Sure the Labour slogan has the word fairness. But they've been in government for what seems like 30 years, and where is this fairness?

So maybe it sucks to have a slogan that must be explained. At least - unlike the other parties - we have one that can be explained.

Wednesday, March 03, 2010

Libertarian tropes #2: The Homestead Principle

It's been a while since I promised a demolition of libertarianism in a handful of blog posts. Sorry about that.

I hesitate a little now because, as it stands, the homestead principle (wiki) - that ownership of unowned land is properly initiated by working that land - is probably the best and most honest way ever of initiating ownership of something previously unowned. Yet this is only because all the other ways are crimes against humanity. Proudhon had a point when he said that "property is theft". Whoever first owned or enclosed a piece of land arbitrarily restricted the right - the liberty - of others to walk across it and use it.

Yet property rights are vital to our prosperity. Societies that don't respect property are dirt-poor. Counter-intuitively, failing to recognise property rights doesn't enrich the poor at the expense of the rich. It enriches only gangsters and warlords at the expense of everybody else.

So doesn't this mean that we need a kind of founding principle of property, and that the homestead principle is good because it is the best of these? No. Property is justified by its consequences, not by some fiction. Unfortunately there is a breed of libertarian that cannot admit that western governments ever legislate in the common good, even by accident, and therefore cannot give credit where it is due.

And it is worth adding that the homestead principle is a lot more useless than it appears. If there were a lot of unoccupied land lying around, it would have some value, but there isn't. And more to the point there wasn't during the spiritual home of the libertarian: the settlement of the American West. The previous occupants were being killed. We are told the "indians" didn't deserve the land because they had no concept of property, or something. No it doesn't make sense.

But where it gets ugly is when this "principle", this triumph of dogma over real life consequences for people, is used to justify an absolutist and all-encompassing view of property that would crush individual liberty. How so? Whenever there is a conflict between your freedom and mine, the libertarian will say "whose property is it?" So every public space must be privatised, so that the owner may make the rules. If we are in conflict over some abstract thing that is not property then that thing must become property, so that disputes over it may be resolved. Every homesteader is a tyrant in their own domain and an abject slave in any other. It could work, I suppose, if we were never to deal with other human beings.

And let's not forget that while homesteading may be a pragmatic initiation of property claims, it certainly isn't a fair one. Those at the front of the queue get land and those at the back don't. The landless classes would be subject to the arbitrary rules of others wherever they go, because everywhere belongs to somebody else. Libertarians argue that prudent entrepreneurs would be benevolent on their land to attract labour; landlords, to attract tenants, etc, but this is wishful thinking.
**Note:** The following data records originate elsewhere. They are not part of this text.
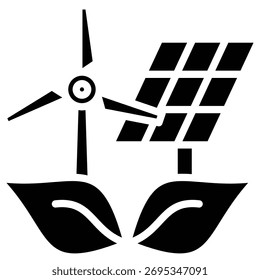 Icono de Web de energía verde en estilo audaz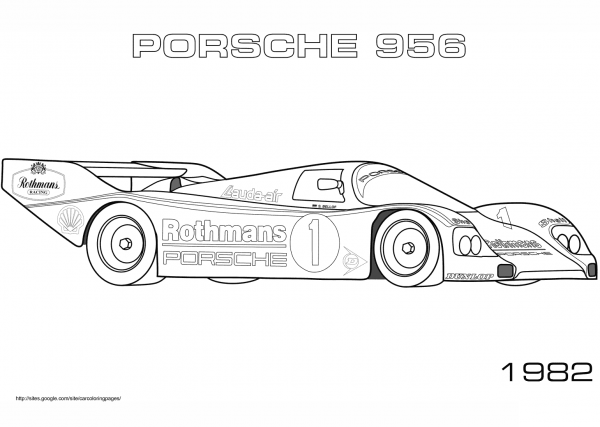 1982 Porsche 956 coloring page image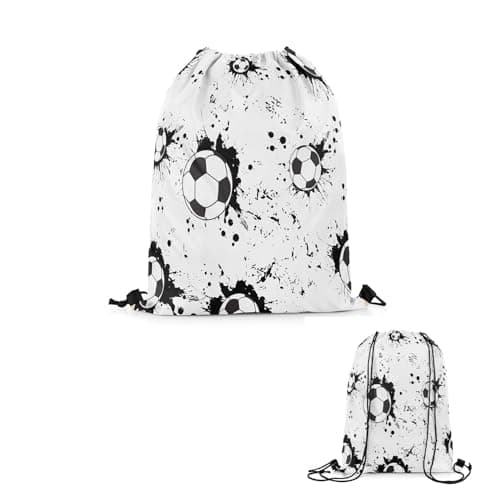 Image of Nhemeylp Drawstring Bags White Football Bag Waterproof Swimming Sports Backpack for Kids Drawstring Backpack Suitable for Sports Gym Travel Swimming Beach Personalised Gift For Boys and Girls (White)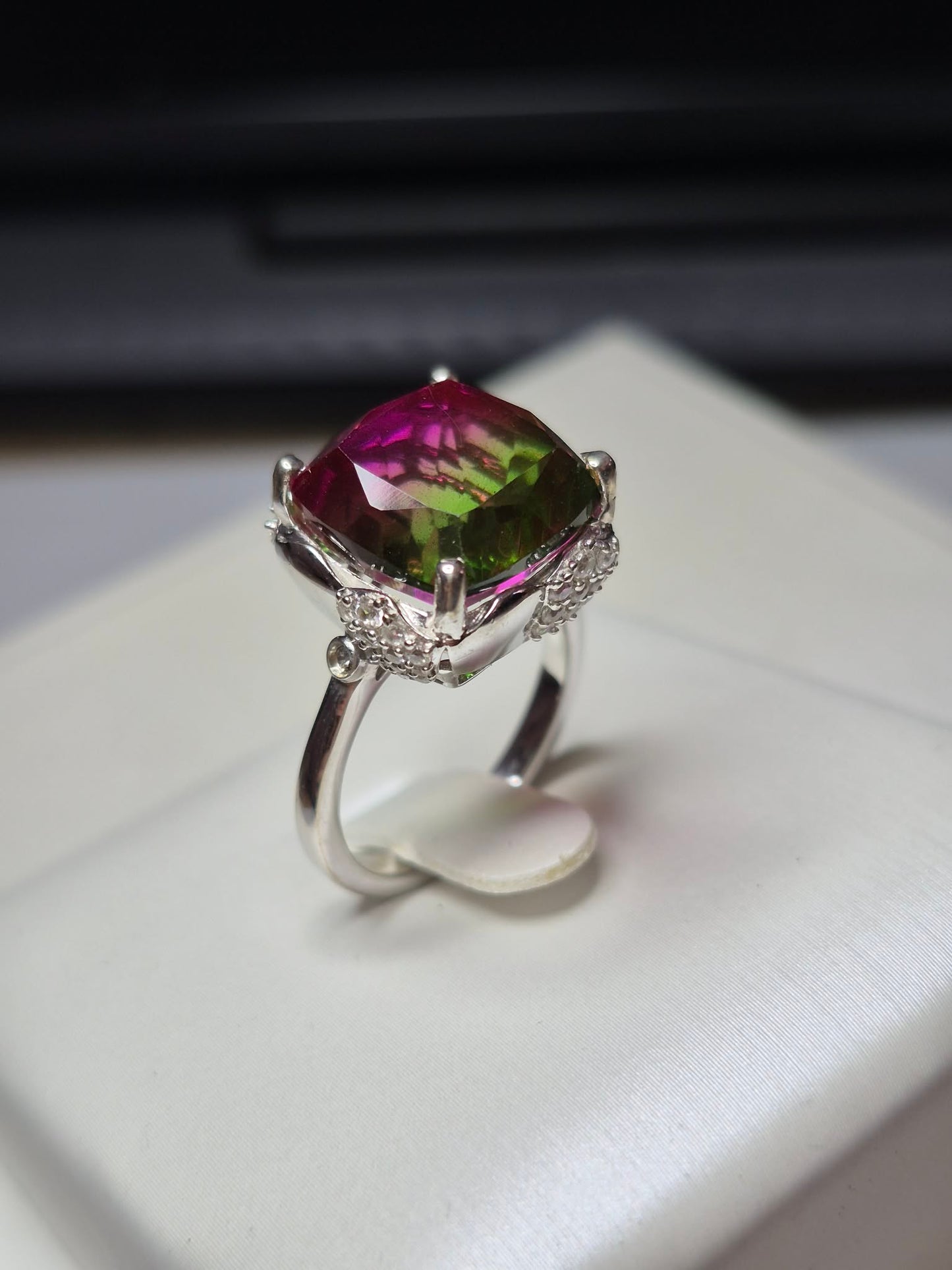 9ct Watermelon Quartz &amp; White Zircon Solitaire Ring in 925 Sterling Silver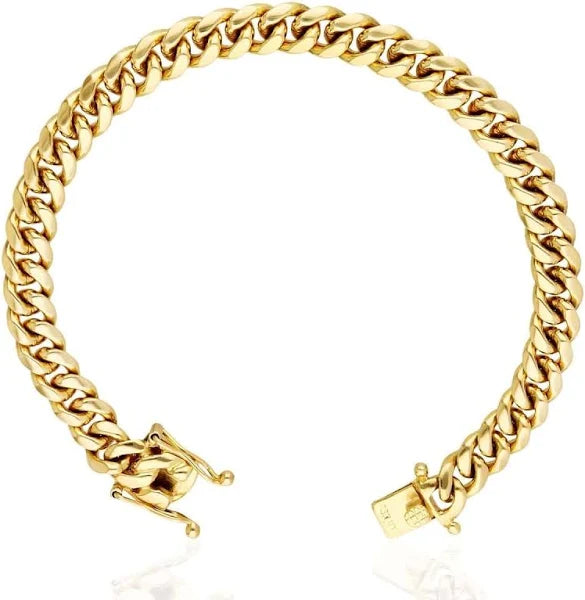 14K YELLOW GOLD SOLID MIAMI CUBAN BRACELET 9.27MM WIDTH 8 1/4" LENGTH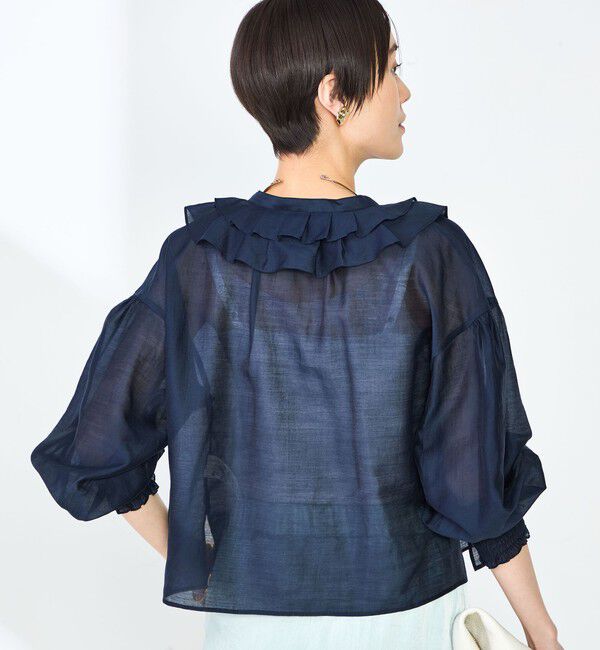 NOLLEY'S「ラッフル衿シアーブラウス」|シャツ・ブラウス|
It is quite breathtaking that anybody dares call this doctrine libertarian. It is an assault on the rights and freedoms of workers, tenants and anybody who spends time on land they don't own. This is in the name of property, justified by the homestead principle, justified by self-ownership. Yes you read that right. Self-ownership is used to justify virtual slavery.
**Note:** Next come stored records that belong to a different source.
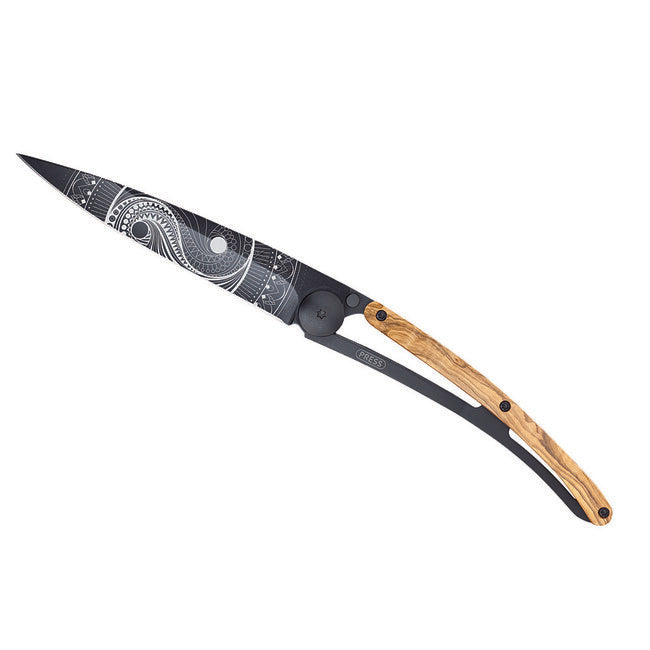 Deejo Tattoo Schließmesser yin yang black olive wood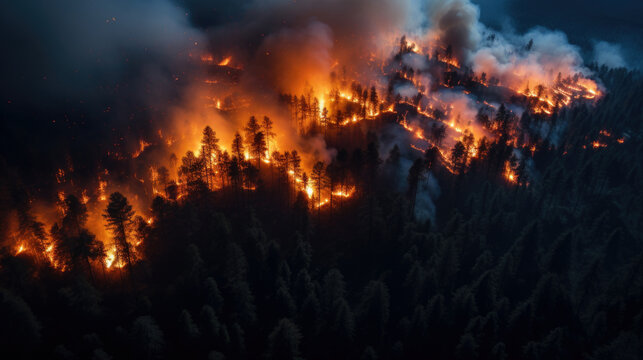 Aerial shot of forest fire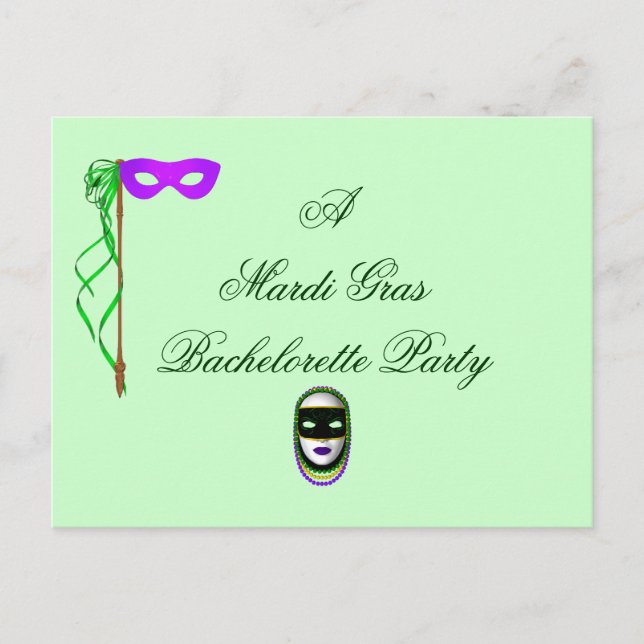 Postal De Invitación "Una fiesta de soltera Mardi Gras" (Anverso)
Back in the real world, where landlords and employers don't always feel the need to be benevolent, property rights are more limited - they are balanced against human rights. But this is not a scandal: property, remember, is a useful invented concept. But it is something we rightly legislate to protect because to do so serves the common good. Ditto human rights, the natural environment, voting, and most other things that libertarians scoff at. Counting a grotesque of one as a trump card over the others is just irrational.